Proses pembuatannya pun memerlukan ketelitian. Bonggol pisang dibersihkan secara seksama, dirajang tipis, lalu direbus untuk menghilangkan getahnya. Setelah direbus, bonggol pisang dicuci kembali dan diperas untuk mengurangi kadar airnya. Proses ini penting untuk memastikan rasa gudeg yang optimal.
Bumbu Tradisional dan Sentuhan Personal
Bumbu yang digunakan dalam gudeg bonggol gedhang sebenarnya tidak jauh berbeda dengan bumbu gudeg pada umumnya. Bawang merah, bawang putih, kemiri, ketumbar, daun salam, gula merah, daun jati, santan, garam, gula pasir, dan penyedap rasa menjadi komposisi wajib. Namun, keahlian dalam menakar dan meracik bumbu inilah yang membedakan setiap pembuat gudeg.
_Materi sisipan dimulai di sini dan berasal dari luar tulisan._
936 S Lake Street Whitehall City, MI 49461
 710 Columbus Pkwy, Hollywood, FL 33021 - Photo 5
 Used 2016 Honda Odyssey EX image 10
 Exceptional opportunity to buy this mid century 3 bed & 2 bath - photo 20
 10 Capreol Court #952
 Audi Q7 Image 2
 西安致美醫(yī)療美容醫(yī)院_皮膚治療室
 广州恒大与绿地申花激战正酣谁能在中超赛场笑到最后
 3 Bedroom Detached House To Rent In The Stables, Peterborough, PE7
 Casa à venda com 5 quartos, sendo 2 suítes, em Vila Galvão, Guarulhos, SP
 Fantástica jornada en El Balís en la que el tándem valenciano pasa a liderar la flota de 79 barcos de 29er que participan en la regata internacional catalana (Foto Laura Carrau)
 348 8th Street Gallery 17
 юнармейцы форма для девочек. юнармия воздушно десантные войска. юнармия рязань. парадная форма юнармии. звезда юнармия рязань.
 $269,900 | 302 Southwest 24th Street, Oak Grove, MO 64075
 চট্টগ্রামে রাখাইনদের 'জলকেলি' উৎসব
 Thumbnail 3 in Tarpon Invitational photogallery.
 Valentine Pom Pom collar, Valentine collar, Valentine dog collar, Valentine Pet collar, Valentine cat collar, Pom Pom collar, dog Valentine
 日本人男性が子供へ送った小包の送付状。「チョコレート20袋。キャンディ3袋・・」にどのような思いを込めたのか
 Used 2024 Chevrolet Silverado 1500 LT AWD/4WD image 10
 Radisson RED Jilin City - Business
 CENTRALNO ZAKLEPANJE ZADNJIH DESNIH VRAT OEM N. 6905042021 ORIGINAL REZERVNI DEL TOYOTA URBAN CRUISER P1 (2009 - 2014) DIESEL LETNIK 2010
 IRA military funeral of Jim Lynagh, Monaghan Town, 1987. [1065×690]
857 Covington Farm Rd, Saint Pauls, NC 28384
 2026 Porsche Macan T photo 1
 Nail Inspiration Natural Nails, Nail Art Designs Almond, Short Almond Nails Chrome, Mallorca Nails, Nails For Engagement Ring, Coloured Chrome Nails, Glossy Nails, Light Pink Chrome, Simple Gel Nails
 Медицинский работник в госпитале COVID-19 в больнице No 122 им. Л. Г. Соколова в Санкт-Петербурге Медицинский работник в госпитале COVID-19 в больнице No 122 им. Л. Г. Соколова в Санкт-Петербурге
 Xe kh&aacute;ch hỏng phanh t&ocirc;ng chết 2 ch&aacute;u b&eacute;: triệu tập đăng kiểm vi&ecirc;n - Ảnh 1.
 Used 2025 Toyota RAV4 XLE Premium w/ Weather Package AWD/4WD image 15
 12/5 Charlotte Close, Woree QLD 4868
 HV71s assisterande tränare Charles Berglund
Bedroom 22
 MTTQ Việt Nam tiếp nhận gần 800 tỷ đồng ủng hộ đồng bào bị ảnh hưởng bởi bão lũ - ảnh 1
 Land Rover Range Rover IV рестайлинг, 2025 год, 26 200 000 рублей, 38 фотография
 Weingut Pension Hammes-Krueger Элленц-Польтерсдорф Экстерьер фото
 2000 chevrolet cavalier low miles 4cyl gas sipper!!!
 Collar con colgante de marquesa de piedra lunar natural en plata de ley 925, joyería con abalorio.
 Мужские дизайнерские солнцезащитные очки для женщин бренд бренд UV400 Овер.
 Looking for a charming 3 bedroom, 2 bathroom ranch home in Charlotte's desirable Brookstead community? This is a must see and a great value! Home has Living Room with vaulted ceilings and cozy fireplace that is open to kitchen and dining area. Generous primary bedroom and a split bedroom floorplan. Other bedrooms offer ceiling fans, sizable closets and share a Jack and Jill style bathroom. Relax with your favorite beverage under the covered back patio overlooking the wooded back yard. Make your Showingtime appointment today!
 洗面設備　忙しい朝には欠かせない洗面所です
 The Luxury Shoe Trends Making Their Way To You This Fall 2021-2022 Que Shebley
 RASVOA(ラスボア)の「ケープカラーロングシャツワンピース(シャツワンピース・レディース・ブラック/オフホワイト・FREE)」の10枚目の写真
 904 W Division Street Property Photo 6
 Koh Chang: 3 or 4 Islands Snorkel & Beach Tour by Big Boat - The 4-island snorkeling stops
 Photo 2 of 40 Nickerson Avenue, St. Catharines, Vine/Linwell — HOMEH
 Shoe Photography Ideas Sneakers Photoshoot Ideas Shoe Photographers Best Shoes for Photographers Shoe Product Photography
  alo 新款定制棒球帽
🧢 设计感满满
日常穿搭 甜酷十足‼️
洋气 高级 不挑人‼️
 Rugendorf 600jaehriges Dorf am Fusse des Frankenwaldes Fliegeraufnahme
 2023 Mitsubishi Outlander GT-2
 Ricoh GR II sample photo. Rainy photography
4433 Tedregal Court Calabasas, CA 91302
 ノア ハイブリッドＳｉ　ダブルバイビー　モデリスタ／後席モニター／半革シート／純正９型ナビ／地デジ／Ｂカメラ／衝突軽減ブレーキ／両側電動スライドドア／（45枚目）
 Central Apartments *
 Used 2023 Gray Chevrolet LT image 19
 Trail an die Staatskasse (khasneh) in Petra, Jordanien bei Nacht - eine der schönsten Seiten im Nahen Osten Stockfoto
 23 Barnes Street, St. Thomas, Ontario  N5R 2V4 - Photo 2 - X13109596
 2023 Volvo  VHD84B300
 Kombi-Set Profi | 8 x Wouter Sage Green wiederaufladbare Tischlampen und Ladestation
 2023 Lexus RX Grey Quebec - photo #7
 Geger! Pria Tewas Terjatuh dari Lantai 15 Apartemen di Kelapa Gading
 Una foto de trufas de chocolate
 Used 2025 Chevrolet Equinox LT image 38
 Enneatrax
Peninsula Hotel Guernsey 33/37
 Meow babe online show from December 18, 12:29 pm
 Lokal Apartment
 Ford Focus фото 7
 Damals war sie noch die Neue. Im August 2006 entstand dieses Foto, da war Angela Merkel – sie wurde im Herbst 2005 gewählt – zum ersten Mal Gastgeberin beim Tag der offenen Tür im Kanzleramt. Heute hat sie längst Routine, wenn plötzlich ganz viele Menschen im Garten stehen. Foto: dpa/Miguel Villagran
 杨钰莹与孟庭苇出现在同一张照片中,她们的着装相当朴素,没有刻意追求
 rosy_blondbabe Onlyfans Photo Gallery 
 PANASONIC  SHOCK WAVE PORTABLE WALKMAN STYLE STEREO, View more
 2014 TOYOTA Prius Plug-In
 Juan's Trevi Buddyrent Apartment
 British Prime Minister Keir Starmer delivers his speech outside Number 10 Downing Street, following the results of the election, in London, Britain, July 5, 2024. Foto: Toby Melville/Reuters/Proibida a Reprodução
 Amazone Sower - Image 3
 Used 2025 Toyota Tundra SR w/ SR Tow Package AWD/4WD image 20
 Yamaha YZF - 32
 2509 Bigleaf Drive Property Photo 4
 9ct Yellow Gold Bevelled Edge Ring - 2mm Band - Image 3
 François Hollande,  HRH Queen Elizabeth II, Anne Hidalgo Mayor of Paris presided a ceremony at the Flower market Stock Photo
Mei menjelaskan bahwa lama waktu memasak akan memengaruhi tekstur dan rasa akhir gudeg. Jika menginginkan gudeg basah dengan kuah yang melimpah, waktu memasak relatif singkat. Sebaliknya, untuk gudeg kering, santan dimasak hingga airnya menyusut, menghasilkan rasa yang lebih kuat dan tekstur yang lebih padat. Semakin lama dimasak, bumbu akan semakin meresap dan menghasilkan rasa yang lebih kaya.
Sajian Istimewa dan Nilai Budaya
Gudeg bonggol gedhang biasanya disajikan dengan nasi, sayur lombok, dan opor ayam kampung. Kombinasi rasa manis, pedas, dan gurih menciptakan harmoni yang menggugah selera. Lebih dari sekadar hidangan lezat, gudeg ini juga memiliki nilai budaya yang mendalam.
Menurut Mei, gudeg bonggol gedhang seringkali disajikan dalam acara pernikahan atau syukuran. Hidangan ini menjadi bagian dari tradisi 'rewang', yaitu gotong royong membantu tetangga atau keluarga yang sedang mengadakan hajatan. Menyajikan gudeg bonggol gedhang adalah bentuk apresiasi dan ucapan terima kasih kepada mereka yang telah membantu.
Pengakuan dan Harapan
Penetapan gudeg bonggol gedhang sebagai Warisan Budaya Tak Benda Nasional menjadi angin segar bagi para pelestari kuliner tradisional. Pengakuan ini diharapkan dapat meningkatkan kesadaran masyarakat akan pentingnya menjaga dan melestarikan warisan budaya bangsa. Diharapkan pula, generasi muda semakin tertarik untuk mempelajari dan meneruskan tradisi pembuatan gudeg bonggol gedhang, sehingga hidangan ini tidak hanya menjadi kenangan, tetapi tetap hidup dan berkembang di masa depan.
Sebelumnya, Gubernur DIY, Sri Sultan Hamengku Buwono X, telah menyerahkan sertifikat WBTb kepada perwakilan dari berbagai kabupaten/kota di DIY, termasuk Kabupaten Gunungkidul yang menerima penghargaan untuk gudeg bonggol gedhang dan tiga karya budaya lainnya.